Два ближайших сотрудника моих со времени гражданской войны, тт. Сермукс и Познанский, решившиеся добровольно сопровождать меня в место ссылки, были немедленно по приезде арестованы, заточены с уголовными в подвал, затем высланы в отдаленные углы севера. От безнадежно заболевшей дочери, которую вы исключили из партии и удалили с работы, письмо ко мне шло из московской больницы 73 дня, так что ответ мой уже не застал ее в живых. Письмо о тяжком заболевании второй дочери, также исключенной вами из партии и удаленной с работы, было месяц тому назад доставлено мне из Москвы на 43-й день. Телеграфные запросы о здоровье чаще всего не доходят по назначению. В таком же и еще худшем положении находятся тысячи безукоризненных большевиков-ленинцев, заслуги которых перед Октябрьской революцией и международным пролетариатом неизменно превосходят заслуги тех, которые их заточили или сослали.

Готовя новые все более тяжкие репрессии против оппозиции, узкая фракция Сталина, которого Ленин назвал в "Завещании" "грубым и нелояльным", когда эти качества его еще не развернулись и на сотую долю, все время пытается через посредство ГПУ подкинуть оппозиции какую-либо "связь" с врагами пролетарской диктатуры. В узком кругу нынешние руководители говорят: "Это нужно для массы". Иногда еще циничнее: "Это -- для дураков". Моего ближайшего сотрудника Георгия Васильевича Бутова, заведовавшего секретариатом Реввоенсовета Республики во все годы гражданской войны, арестовали и содержали в неслыханных условиях, вымогая от этого чистого и скромного человека и безупречного партийца подтверждение заведомо фальшивых, поддельных, подложных обвинений в духе термидорианских амальгам. Бутов ответил героической голодовкой, которая длилась около 50 дней и довела его в сентябре до смерти в тюрьме. Насилия, избиения, пытки, физические и нравственные, применяются к лучшим рабочим-большевикам за их верность заветам Октября. Таковы те общие условия, которые, по словам коллегии ГПУ, "не препятствуют" ныне политической деятельности оппозиции и моей в частности.

Жалкая угроза изменить для меня эти условия в сторону дальнейшей изоляции означает не что иное, как решение фракции Сталина заменить ссылку тюрьмой. Это решение, как сказано выше, для меня не ново. Намеченное в перспективе еще в 1924 г., оно проводится в жизнь постепенно, через ряд ступеней, чтобы исподтишка приучать придавленную и обманутую партию к сталинским методам, в которых грубая нелояльность созрела ныне до отравленного бюрократического бесчестья.

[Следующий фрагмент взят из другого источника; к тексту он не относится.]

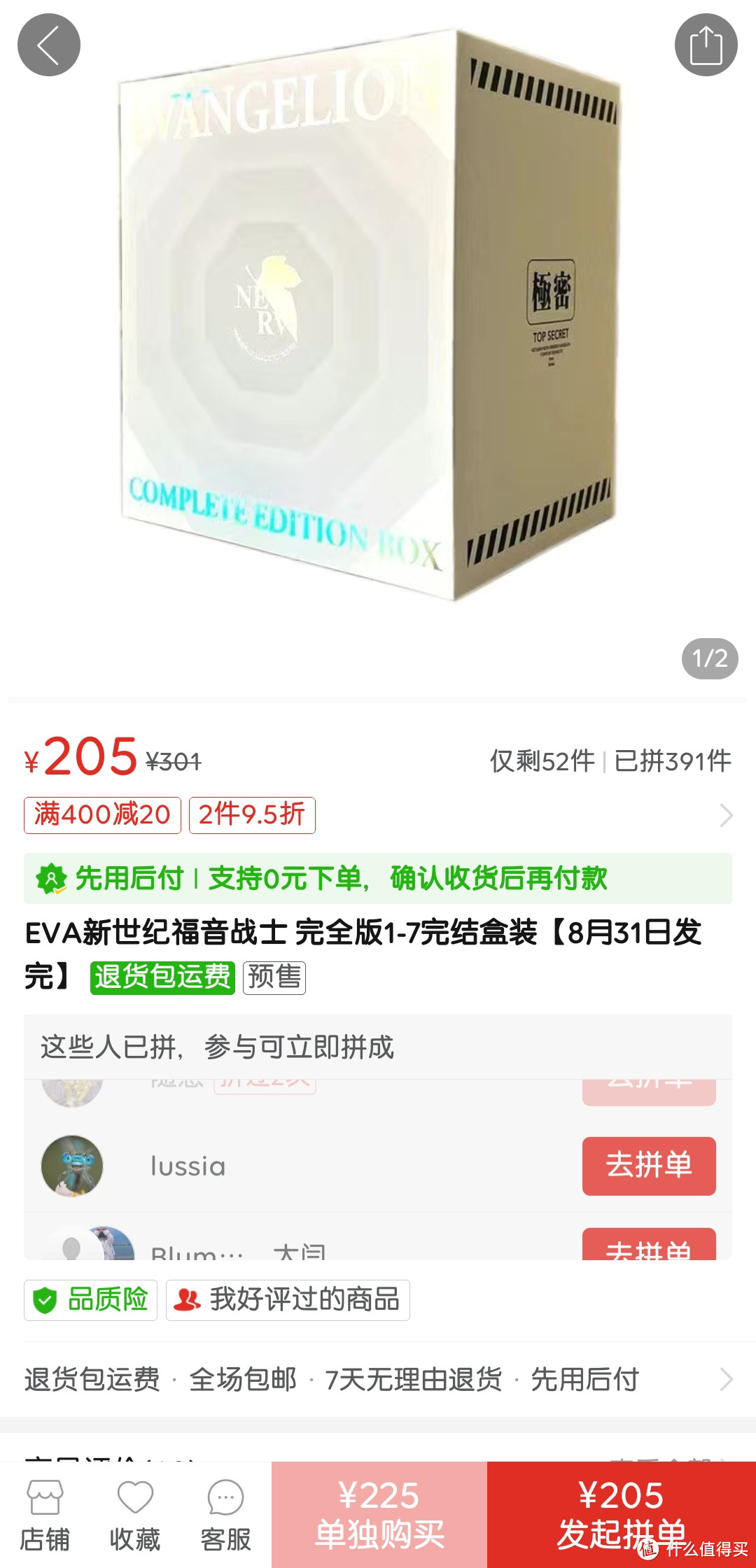 震惊了，这真的是翻版的质量？？？？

В "Заявлении", поданном VI конгрессу, мы, как бы предвидя предъявленный мне сегодня ультиматум, писали дословно: "Требовать от революционеров этого отказа (от политической деятельности, т. е. от служения партии и международной революции) могло бы только вконец развращенное чиновничество. Давать такого рода обязательства могли бы только презренные ренегаты".

Я не могу ничего изменить в этих словах.

Каждому свое. Вы хотите и дальше проводить внушения враждебных пролетариату классовых сил. Мы знаем наш долг. Мы выполним его до конца. Л. Троцкий. 16 декабря 1928 г., Алма-Ата".

После этого ответа прошел месяц без перемен. Связи наши с внешним миром были совершенно оборваны, в том числе и нелегальные связи с Москвой. В течение января мы получали только московские газеты. Чем больше в них писалось о борьбе против правых, тем увереннее мы ждали удара против левых. Это метод сталинской политики.

Московский посланец ГПУ Волынский оставался все время в Алма-Ата, ожидая инструкций. 20 января он явился ко мне в сопровождении многочисленных вооруженных агентов ГПУ, занявших входы и выходы, и предъявил мне нижеследующую выписку из протокола ГПУ от 18 января 1929 г. "Слушали: Дело гражданина Троцкого, Льва Давидовича, по ст. 58/10 Уголовного Кодекса по обвинению в контрреволюционной деятельности, выразившейся в организации нелегальной антисоветской партии, деятельность которой за последнее время направлена к провоцированию антисоветских выступлений и к подготовке вооруженной борьбы против советской власти. Постановили: Гражданина Троцкого, Льва Давыдовича, -- выслать из пределов СССР".

Когда от меня потребовали позже расписки в ознакомлении с этим постановлением, я написал: "Преступное по существу и беззаконное по форме постановление ГПУ мне объявлено 20 января 1929 г. Троцкий".

Я назвал постановление преступным, потому что оно заведомо ложно говорит о подготовке мною вооруженной борьбы против советской власти. Эта формула, нужная Сталину, чтоб оправдать высылку, уже сама по себе представляет наиболее злостный подкоп под советскую власть. Если бы было верно, что оппозиция, руководимая организаторами Октябрьской революции, строителями Советской республики и Красной Армии, подготовляет вооруженное ниспровержение советской власти, это само по себе означало бы катастрофическое положение в стране. К счастью, формула ГПУ представляет собой наглое измышление. Политика оппозиции не имеет ничего общего с подготовкой вооруженной борьбы. Мы исходим полностью из убеждения в глубокой жизненности и эластичности советского режима. Наш путь есть путь внутренней реформы.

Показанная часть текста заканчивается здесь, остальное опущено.